What is the most interesting challenge you’ve faced working on Vantage?

Before Vantage began, we built this piece of technology that we call the syncing engine. It's a core part of Vantage. Essentially when someone begins using Vantage it's hard to know what resources they have in their AWS accounts, what the state of those resources are, and how they change. You can imagine infrastructure changing all the time: resources scale up, scale down, and change in size. There's different demands that may impact them. We built the syncing engine to scale well when interacting with customer’s AWS resources and ensure everything stays up to date.

Describe your computer hardware setup

I've got a 27" iMac as my main development machine. I have the new M1 MacBook that's primarily my travel machine, although I'm not doing a lot of that these days.

Unfortunately, the M1 chip has not been great for development. There's a number of things that are just not supported, like Docker, which is an issue. I have faith that the community will add support to these things going forward.

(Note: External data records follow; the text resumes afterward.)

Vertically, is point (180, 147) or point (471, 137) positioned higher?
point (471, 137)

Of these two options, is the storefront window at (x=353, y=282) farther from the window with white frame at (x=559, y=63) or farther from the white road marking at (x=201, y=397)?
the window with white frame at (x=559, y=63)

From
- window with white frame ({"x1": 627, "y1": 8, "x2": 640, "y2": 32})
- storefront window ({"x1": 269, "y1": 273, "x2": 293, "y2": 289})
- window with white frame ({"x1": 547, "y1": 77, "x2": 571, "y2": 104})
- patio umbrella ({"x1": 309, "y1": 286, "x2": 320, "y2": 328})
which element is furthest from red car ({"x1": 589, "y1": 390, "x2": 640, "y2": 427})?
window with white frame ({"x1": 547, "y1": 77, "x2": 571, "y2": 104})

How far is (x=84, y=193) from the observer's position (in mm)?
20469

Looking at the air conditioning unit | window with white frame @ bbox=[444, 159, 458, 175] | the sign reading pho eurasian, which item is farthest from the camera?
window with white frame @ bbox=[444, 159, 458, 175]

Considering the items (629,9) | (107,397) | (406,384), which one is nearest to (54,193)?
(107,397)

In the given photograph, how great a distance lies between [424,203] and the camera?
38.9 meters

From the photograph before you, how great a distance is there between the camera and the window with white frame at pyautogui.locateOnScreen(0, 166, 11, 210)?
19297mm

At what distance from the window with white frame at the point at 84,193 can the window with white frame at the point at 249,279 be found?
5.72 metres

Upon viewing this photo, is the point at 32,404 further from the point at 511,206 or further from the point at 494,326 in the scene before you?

Describe your computer software setup

OS: macOS Big Sur.

Browser: Chrome.

Email: Gmail.

Chat: Slack.

IDE: Sublime Text 3.

Describe your desk setup

The desk of Ben Schaechter, Vantage

My desk and swivel chair are both from Amazon. I've got a fairly basic set-up. The one unique part about it is my apartment is actually slightly crooked, and I had to wait for a hot weather day for the walls to open up for it to fit perfectly. This desk will never move from where it's currently at unless it's demolished! This is the desk I will always have. I can't move it even if I want to.

When coding

Daytime or nighttime? Nighttime.

Tea or coffee? Coffee.

Silence or music? Music. Typically really bad pop or EDM.

What non-tech activities do you like to do?

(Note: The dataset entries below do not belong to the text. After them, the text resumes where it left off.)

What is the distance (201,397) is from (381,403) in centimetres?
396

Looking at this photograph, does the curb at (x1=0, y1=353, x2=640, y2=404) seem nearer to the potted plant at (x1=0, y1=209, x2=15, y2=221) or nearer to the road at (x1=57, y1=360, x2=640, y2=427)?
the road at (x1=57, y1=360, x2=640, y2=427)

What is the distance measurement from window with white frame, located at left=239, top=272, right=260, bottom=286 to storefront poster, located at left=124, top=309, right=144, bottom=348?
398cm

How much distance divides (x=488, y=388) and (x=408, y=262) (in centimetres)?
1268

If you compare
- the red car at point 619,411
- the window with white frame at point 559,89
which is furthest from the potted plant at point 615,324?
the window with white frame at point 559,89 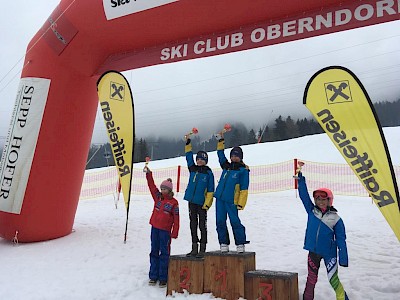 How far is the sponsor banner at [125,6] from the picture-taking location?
5.61 m

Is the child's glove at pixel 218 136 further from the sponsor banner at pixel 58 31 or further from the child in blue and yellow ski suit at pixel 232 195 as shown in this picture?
the sponsor banner at pixel 58 31

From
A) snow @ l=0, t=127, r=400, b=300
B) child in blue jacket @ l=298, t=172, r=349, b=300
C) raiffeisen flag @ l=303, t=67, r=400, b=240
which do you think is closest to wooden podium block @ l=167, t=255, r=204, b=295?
snow @ l=0, t=127, r=400, b=300

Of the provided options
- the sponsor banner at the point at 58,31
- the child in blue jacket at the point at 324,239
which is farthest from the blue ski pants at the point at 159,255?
the sponsor banner at the point at 58,31

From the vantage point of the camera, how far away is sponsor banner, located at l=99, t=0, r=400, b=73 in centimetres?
467

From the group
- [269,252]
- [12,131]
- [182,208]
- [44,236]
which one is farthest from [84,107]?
[182,208]

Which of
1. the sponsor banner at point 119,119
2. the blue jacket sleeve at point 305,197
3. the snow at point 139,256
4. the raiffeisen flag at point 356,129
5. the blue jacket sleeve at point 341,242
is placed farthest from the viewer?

As I live in New York City, I love just walking around Manhattan and spending time around the city discovering new bars and restaurants. I live very close to the Hudson River and I walk up and down the river all the time. Outside of exploring New York and spending time with my girlfriend, I'm into Peloton. I’m normally a big biker, but in Manhattan it's not as easy to go on long bike rides compared to when I lived in California.